→ Exercise goal:
Once the pictures are set aside, copy the data below exactly as it stands.

→ Source material:
━━━━━━

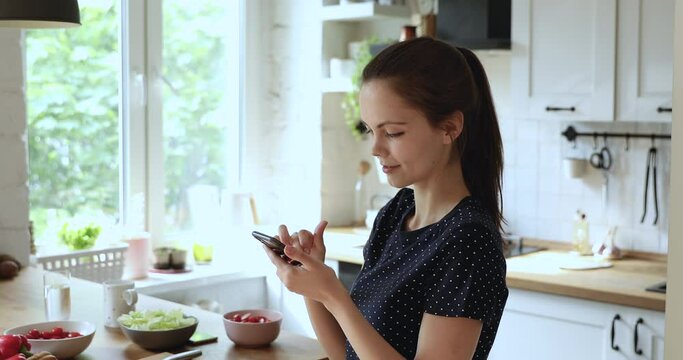 Girl standing in domestic modern light kitchen near countertop with fresh vegetables prepared salad, holds smartphone search dietary healthy recipes, download new cool application or calories counter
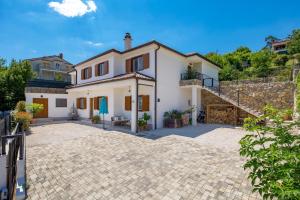 a large white house with a brick driveway at Apartment Niki in Opatija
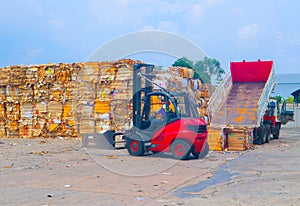 Recycle industry cardboard garbage and paper waste after pressing in hydraulic baling garbage press machine to a square dense for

━━━━━━

→ Answer area:
 Girl standing in domestic modern light kitchen near countertop with fresh vegetables prepared salad, holds smartphone search dietary healthy recipes, download new cool application or calories counter
 a large white house with a brick driveway at Apartment Niki in Opatija
 Recycle industry cardboard garbage and paper waste after pressing in hydraulic baling garbage press machine to a square dense for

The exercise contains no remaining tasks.